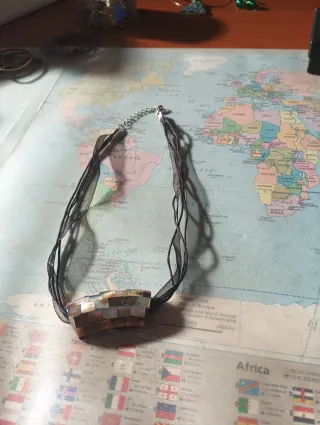 Pendientes Aro Plata y Negro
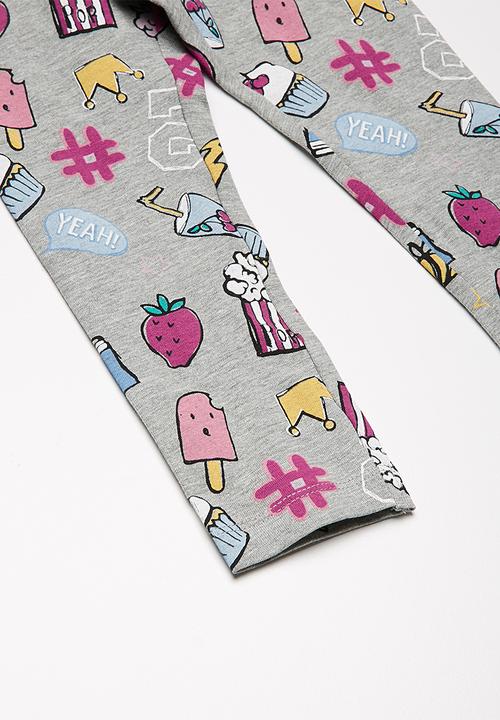 Name It - Berit leggings - grey melange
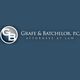 Grafe & Batchelor, P.C. logo with "Attorneys at Law" text on a blue background.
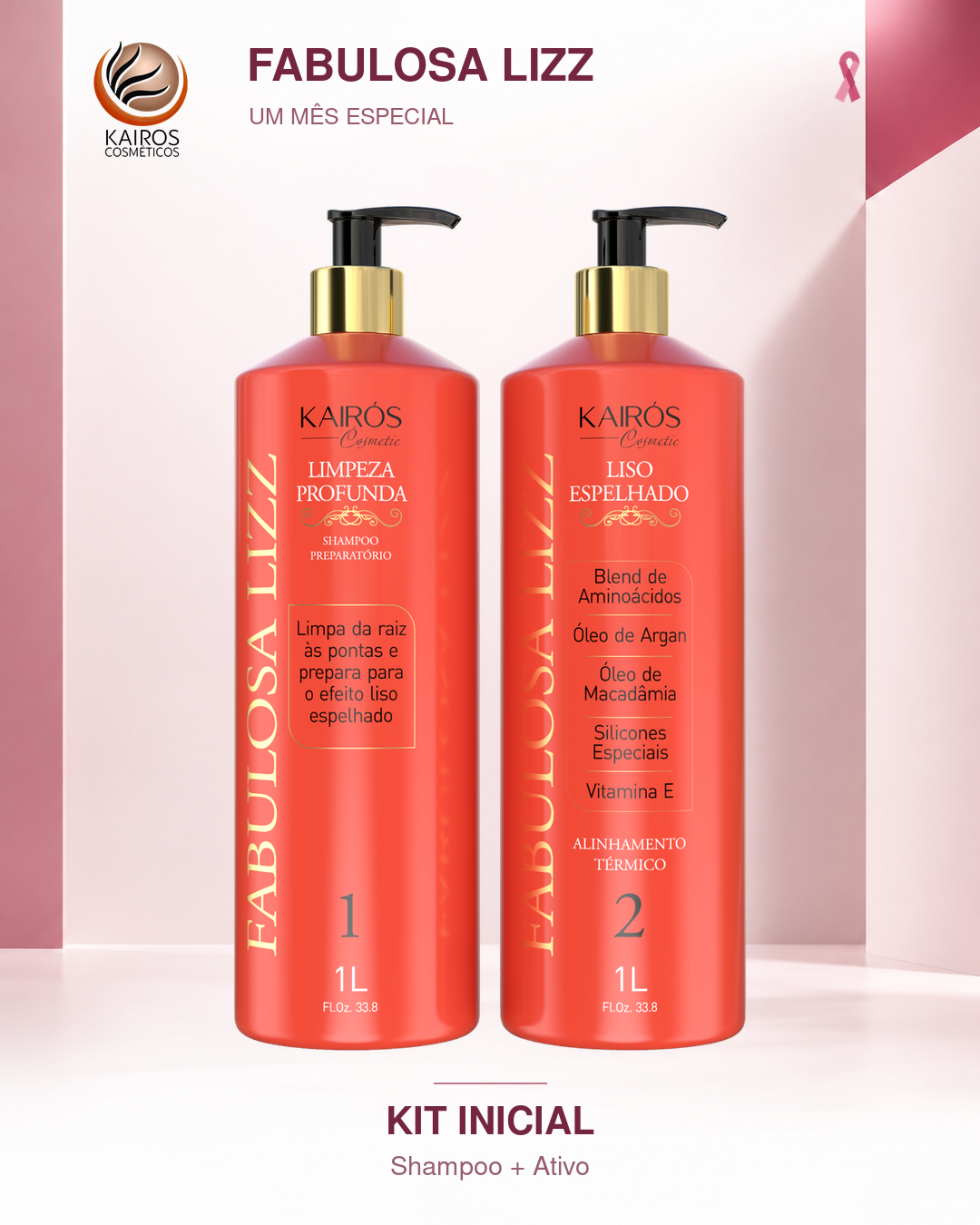 Kit Inicial — Shampoo + Ativo (1L cada)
============
### [TASK GOAL]
Beginning with the line that contains "Name It - Berit leggings - grey melange" and ending with the last line of the data, restate each line word for word. Exclude the pictures.

### [EXERCISE RESPONSE]
 Name It - Berit leggings - grey melange
 Grafe & Batchelor, P.C. logo with "Attorneys at Law" text on a blue background.
 Kit Inicial — Shampoo + Ativo (1L cada)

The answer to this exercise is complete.